Florida Is Ready to Pave Roads With Radioactive Substance

By Steve Huff,

Lawmakers in Florida have proposed legislation that could change the fabric of the state’s infrastructure, reports NPR. The controversial proposal aims to use radioactive material, specifically a waste substance produced by the fertilizer industry called phosphogypsum, as a component in pavement on the state’s roads.

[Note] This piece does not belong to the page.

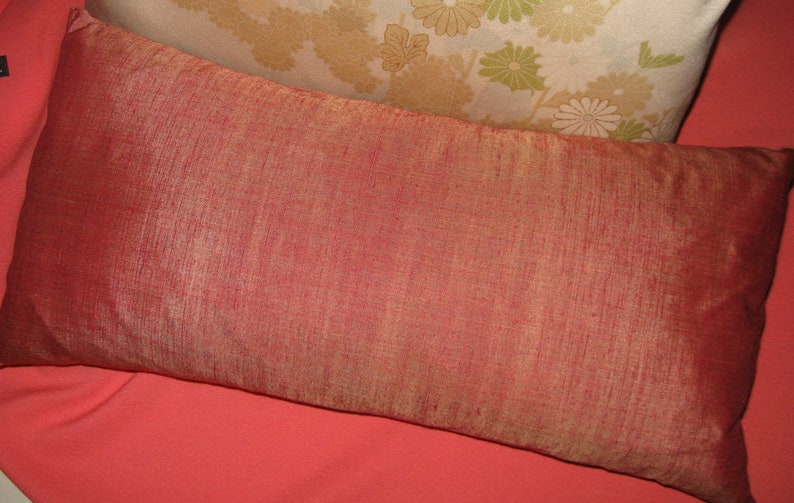 May include: A rectangular, reddish-orange pillow with a textured surface. The pillow is placed on a coral-colored surface, with a floral patterned pillow in the background. The pillow is likely for home decor.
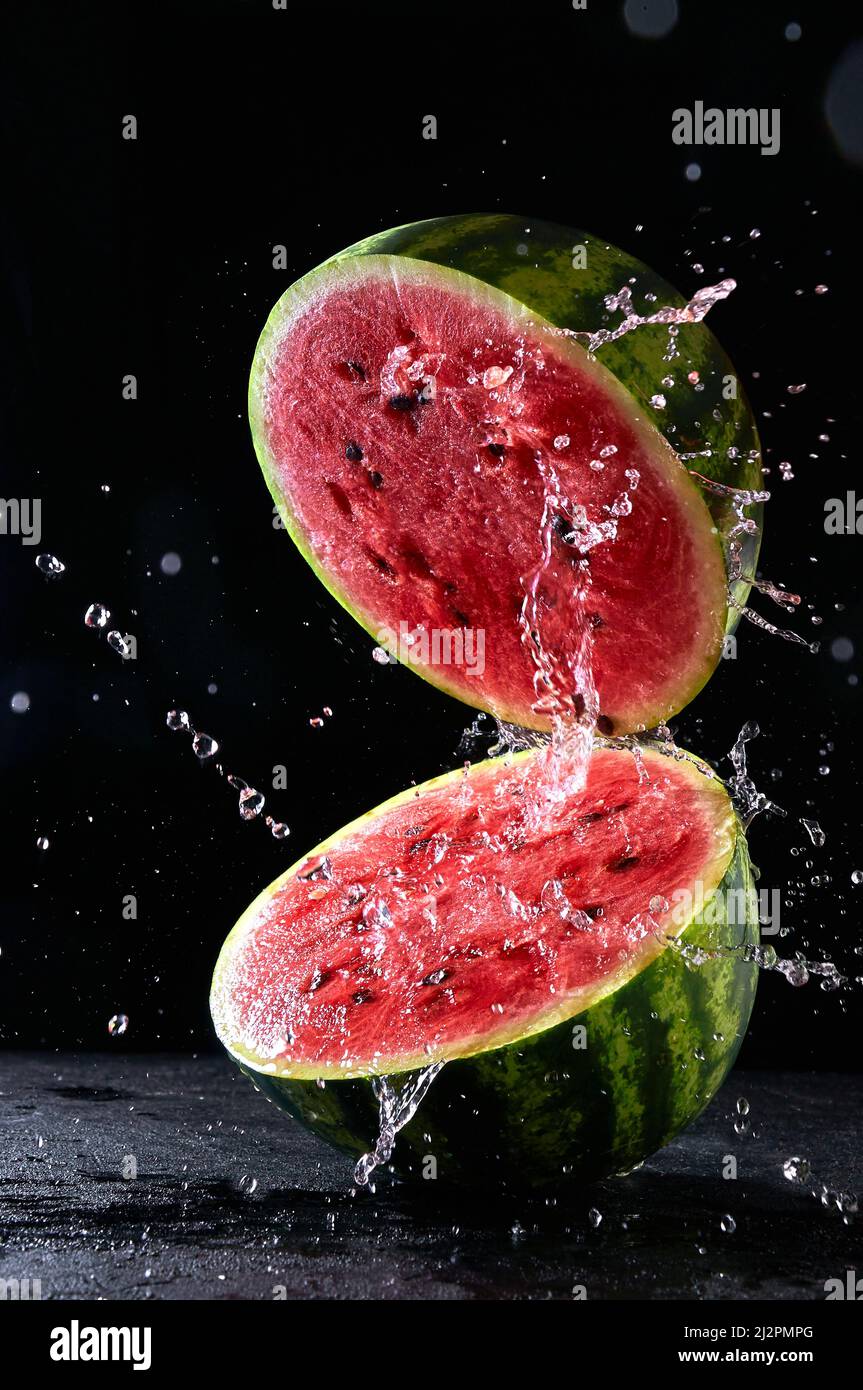 Ripe watermelon cut in half with water splash flying in the air Stock Photo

Bill advocates argue in part that phosphogypsum is not actually considered “solid waste,” which would make its use against EPA rules, and that the rules do permit research use. The AP reports that the substance has raised real concerns among environmental groups, who warn that phosphogypsum, which produces radium-226 as it decays, could pollute local waterways that absorb runoff from storms.

Critics worried about the bill—which has been passed by the legislature but not yet signed by Gov. Ron DeSantis—signed a letter of concern by the Center for Biological Diversity. It said that “radioactive phosphogypsum in roads is not a solution to the fertilizer industry’s toxic waste problem,” and “Florida should not be a test subject in the industry’s reckless experiment.” Florida Insider quoted Center attorney Ragan Whitlock, who called this a “dangerous plan to pave Florida’s roads with toxic phosphate mining waste,” and said it “is an egregious handout to an industry that has a lengthy history of damaging the environment and putting public health at risk.” The EPA told NPR that it still needs to review the bill and the agency conducts those on a “case-by-case basis.” The bill is awaiting DeSantis’s signature, but even if he doesn’t sign, NPR reports it will automatically go into effect.